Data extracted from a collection
☆ ☆ ☆

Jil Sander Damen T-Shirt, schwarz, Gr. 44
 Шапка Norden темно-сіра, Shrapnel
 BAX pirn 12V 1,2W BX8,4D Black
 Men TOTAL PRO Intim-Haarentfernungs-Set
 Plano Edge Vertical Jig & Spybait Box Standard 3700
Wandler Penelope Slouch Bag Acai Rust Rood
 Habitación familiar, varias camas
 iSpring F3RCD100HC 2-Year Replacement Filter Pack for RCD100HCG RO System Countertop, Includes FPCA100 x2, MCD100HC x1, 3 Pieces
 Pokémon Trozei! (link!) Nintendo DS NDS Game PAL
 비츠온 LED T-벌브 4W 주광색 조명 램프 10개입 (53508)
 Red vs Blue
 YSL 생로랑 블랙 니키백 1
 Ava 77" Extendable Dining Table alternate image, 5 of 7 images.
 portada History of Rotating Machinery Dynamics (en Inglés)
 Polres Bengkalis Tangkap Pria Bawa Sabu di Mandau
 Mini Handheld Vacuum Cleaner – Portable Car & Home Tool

☆ ☆ ☆

Each entry is to be retyped precisely as it stands.

• Finished exercise:
Jil Sander Damen T-Shirt, schwarz, Gr. 44
 Шапка Norden темно-сіра, Shrapnel
 BAX pirn 12V 1,2W BX8,4D Black
 Men TOTAL PRO Intim-Haarentfernungs-Set
 Plano Edge Vertical Jig & Spybait Box Standard 3700
Wandler Penelope Slouch Bag Acai Rust Rood
 Habitación familiar, varias camas
 iSpring F3RCD100HC 2-Year Replacement Filter Pack for RCD100HCG RO System Countertop, Includes FPCA100 x2, MCD100HC x1, 3 Pieces
 Pokémon Trozei! (link!) Nintendo DS NDS Game PAL
 비츠온 LED T-벌브 4W 주광색 조명 램프 10개입 (53508)
 Red vs Blue
 YSL 생로랑 블랙 니키백 1
 Ava 77" Extendable Dining Table alternate image, 5 of 7 images.
 portada History of Rotating Machinery Dynamics (en Inglés)
 Polres Bengkalis Tangkap Pria Bawa Sabu di Mandau
 Mini Handheld Vacuum Cleaner – Portable Car & Home Tool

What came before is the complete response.